In 2017 market conditions were showing signs of improvement. Facilities will be in a new location in the San Jose Central Valley. 2018 will see Cabo Rico models being built with completely new financial participation and a new management team. The first boat to ship will be a new model, the Northeast 450, a bigger sister ship for the NE400. A Cabo Rico 47 Pilot on the shop floor can be completed and the new 56 Center Cockpit model will go into production.

==Models==

Cabo Rico produces 34/36, 40/42, 42 Pilot, 45/47, 47 Pilot, and 54/56-foot cruising designs along with Cambria 40, 44, 46, 48 cruiser/racers, Northeast 400 and 450 motorsailers, and Chase 38 Sport fishing yacht.

| Model | Designer | Notes |
| 56 | Chuck Paine | 56 production to resume | 56 Center Cockpit (new model) |
| 45/47 | William Crealock | Production to resume, has Pilot version |
| 40/42 | Chuck Paine | Production to resume, has Pilot version |
| 38 | William Crealock, | Out of production, came in Pilot version |
| 36 Tiburon | William Crealock | Out of production |
| 34/36 | William Crealock | Production to resume |
| NE400 | Mark Ellis | Production to resume |
| NE450 | Sparkman and Stephens | Production to start, new model |
| Cambria 40 |  | Production by special request only |
| Cambria 44/46/48 |  | Production by special request only |
| Chase 38 | C. Raymond Hunt & Associates | Production by special request only |

==Miami Vice==
In the 1980s TV show Miami Vice, a 38-foot Cabo Rico was used in the pilot episode. The boat was called the St.

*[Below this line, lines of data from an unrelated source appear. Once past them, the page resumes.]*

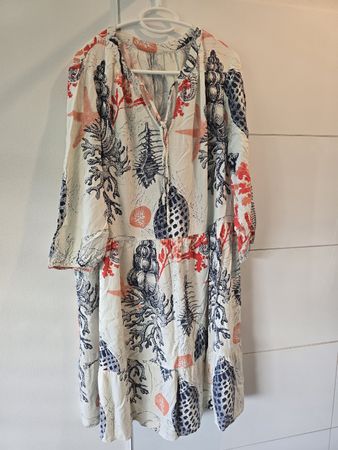 Damen Sommerkleid mit Muscheln /  Korallen Muster, Grösse XL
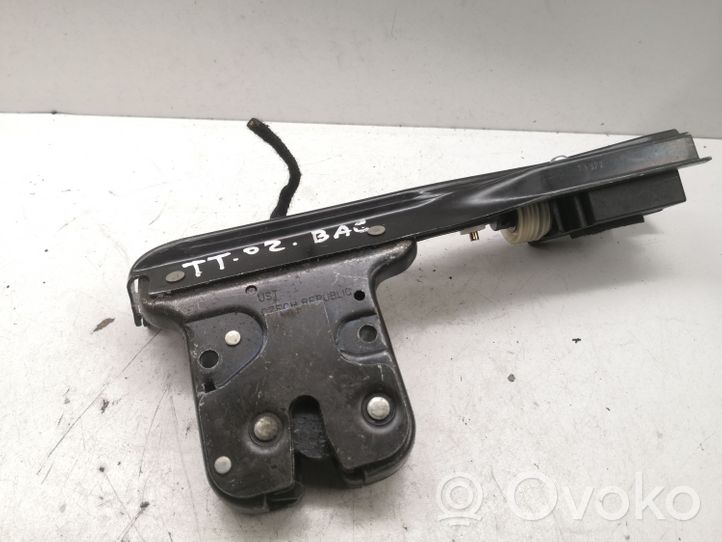 Audi TT Mk1 Tailgate lock latch 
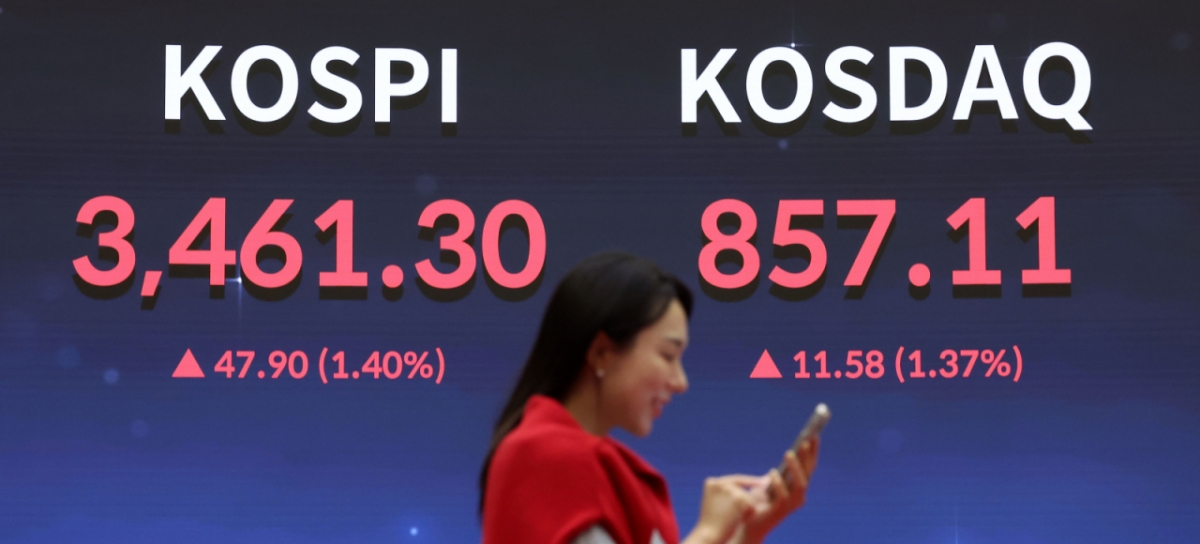 코스피가 전 거래일보다 47.90포인트(1.40%) 오른 3461.30에 거래를 마쳤고 사상 최고치를 경신했다. 코스닥 지수는 전 거래일(845.53)보다 11.58포인트(1.37%) 상승한 857.11에 거래를 마쳤다.  18일 서울 여의도 한국거래소 서울사무소에서 코스피·코스닥 수치가 표시되고 있다. /사진=뉴시스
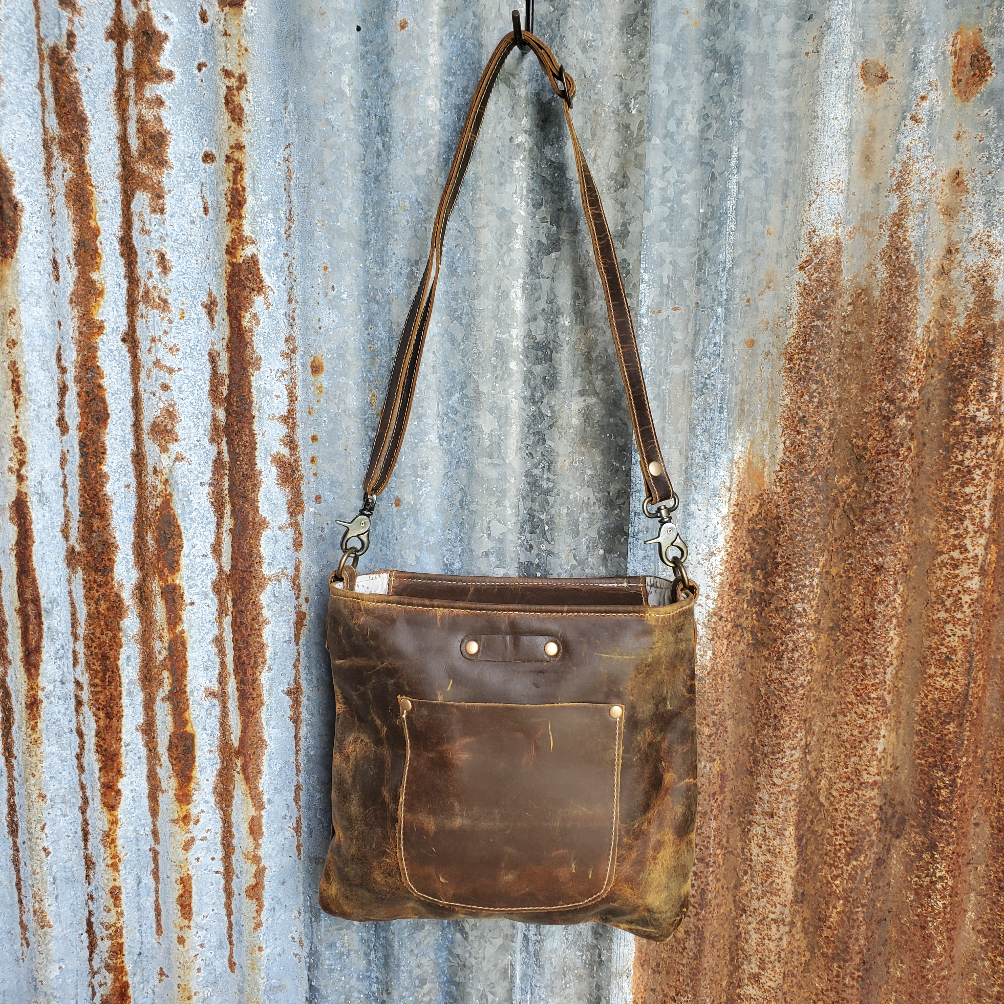Oil Rubbed Leather Front Pocket Cross Body Front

Vitus' Dance and it was the home of the main character, Sonny Crockett (Don Johnson), and his pet alligator Elvis. The Cabo Rico was only seen in the pilot episode as Elvis was portrayed by a live alligator and the show did not want the cosmetic repair cost. Endeavour sailboats were used for the rest of the show (an Endeavour 40 in season 1 and an Endeavour 42 for seasons 2 to 5), without the live alligator on them.